AMERICANS ARE deeply divided over how to interpret the Constitution. Originalism, the view that judges should interpret the Constitution by discovering the original intent or the original meaning of the text, has a strong hold on the public. Yet the opposing view, that judges ought to interpret the Constitution as a living document and read it in light of contemporary values or an evolving tradition, is also well entrenched in American culture. Not surprisingly, support for originalism is strongest among Tea Party activists, conservatives, and Republicans. Although the vast majority of legal academics are not originalists, the theory of originalism has never been stronger among law professors. Indeed, originalism now has adherents not only among conservative but also liberal legal scholars. There is really only one group in American society that remains largely immune to the lure of originalism: historians.

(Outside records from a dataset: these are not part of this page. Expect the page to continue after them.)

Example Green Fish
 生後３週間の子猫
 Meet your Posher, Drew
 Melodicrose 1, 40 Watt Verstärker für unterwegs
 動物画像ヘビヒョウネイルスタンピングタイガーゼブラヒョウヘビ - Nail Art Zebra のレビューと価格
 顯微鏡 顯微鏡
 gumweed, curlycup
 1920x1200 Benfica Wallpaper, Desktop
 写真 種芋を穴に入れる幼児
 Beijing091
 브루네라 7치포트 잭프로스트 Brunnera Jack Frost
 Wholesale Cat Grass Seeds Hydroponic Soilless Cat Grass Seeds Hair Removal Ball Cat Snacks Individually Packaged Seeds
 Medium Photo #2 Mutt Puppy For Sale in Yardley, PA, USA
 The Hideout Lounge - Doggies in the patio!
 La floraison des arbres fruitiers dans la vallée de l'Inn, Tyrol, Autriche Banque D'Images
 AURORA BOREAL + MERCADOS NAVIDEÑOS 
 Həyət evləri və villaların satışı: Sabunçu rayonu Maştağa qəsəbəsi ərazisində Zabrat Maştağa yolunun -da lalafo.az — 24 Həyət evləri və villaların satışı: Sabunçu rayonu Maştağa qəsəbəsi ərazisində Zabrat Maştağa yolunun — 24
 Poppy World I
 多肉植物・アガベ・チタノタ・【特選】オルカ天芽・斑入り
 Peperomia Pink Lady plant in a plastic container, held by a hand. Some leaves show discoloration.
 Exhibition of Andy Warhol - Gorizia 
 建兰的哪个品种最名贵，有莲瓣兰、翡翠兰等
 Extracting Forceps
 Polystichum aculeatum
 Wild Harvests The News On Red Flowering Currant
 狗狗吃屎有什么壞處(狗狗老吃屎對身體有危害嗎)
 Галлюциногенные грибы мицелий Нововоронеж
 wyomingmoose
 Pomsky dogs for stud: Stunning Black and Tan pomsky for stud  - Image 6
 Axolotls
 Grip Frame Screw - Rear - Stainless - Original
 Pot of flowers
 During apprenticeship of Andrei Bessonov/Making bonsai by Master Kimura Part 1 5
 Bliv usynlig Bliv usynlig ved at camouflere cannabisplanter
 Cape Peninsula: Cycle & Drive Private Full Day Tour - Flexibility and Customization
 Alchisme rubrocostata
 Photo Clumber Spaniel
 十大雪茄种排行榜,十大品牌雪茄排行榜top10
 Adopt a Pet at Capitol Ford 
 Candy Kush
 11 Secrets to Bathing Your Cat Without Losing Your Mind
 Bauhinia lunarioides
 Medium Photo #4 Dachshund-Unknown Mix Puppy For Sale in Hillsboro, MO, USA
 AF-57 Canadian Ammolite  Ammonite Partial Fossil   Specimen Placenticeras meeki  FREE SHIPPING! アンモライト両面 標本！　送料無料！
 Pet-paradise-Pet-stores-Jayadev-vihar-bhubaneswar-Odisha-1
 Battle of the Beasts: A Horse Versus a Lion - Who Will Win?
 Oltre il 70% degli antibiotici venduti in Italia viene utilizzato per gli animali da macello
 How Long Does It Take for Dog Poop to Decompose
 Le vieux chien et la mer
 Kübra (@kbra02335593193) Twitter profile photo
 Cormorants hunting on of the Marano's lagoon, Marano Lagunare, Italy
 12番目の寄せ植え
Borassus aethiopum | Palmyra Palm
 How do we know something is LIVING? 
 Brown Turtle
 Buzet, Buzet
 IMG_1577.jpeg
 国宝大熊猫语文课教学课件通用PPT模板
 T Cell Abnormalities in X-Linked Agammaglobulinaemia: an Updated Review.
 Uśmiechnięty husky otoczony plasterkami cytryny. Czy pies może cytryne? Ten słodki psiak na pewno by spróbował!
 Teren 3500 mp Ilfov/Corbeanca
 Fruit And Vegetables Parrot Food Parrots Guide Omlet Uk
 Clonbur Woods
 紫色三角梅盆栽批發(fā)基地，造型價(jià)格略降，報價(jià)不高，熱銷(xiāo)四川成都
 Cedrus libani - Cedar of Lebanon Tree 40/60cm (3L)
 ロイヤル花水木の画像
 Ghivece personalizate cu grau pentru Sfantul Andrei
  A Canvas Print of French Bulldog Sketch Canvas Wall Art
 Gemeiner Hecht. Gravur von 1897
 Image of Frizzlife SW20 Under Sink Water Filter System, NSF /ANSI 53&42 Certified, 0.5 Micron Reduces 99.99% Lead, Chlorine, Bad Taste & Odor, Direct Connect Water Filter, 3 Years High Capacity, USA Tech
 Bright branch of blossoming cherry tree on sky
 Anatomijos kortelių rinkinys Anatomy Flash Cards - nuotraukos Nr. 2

At first glance, this fact might seem strange. Historians devote their lives to understanding the past, so one would surmise that they, above all others, would be drawn to the theory of originalism. One might attribute the resolute anti-originalism of most historians to the fact that they are generally more liberal than the population at large and thus oppose originalism for political reasons. Although political orientation may account for some of this animus, their hostility to originalism has less to do with politics and more to do with questions of historical interpretation and method. When most historians look closely at originalist arguments, what they usually find is bad history shaped to fit an ideological agenda—what historians derisively call “law office history.”
And he concludes:
Justice Scalia may believe we have a dead Constitution, the legal equivalent of a fly in amber. This was not how most Americans in the Founding era would have viewed the matter. Originalists, both old and new, argue that the theory of the living constitution lacks the legitimacy of their own theory. In fact, the historical pedigree of the theory of the living constitution is it least as good as traditional originalism, and far better than that of new originalism. The fact that Americans are deeply divided today over the relative merits of originalism and the rival theory of the living constitution ought to come as no surprise—Americans were divided over the very same issue when the Constitution was first proposed more than two hundred years ago.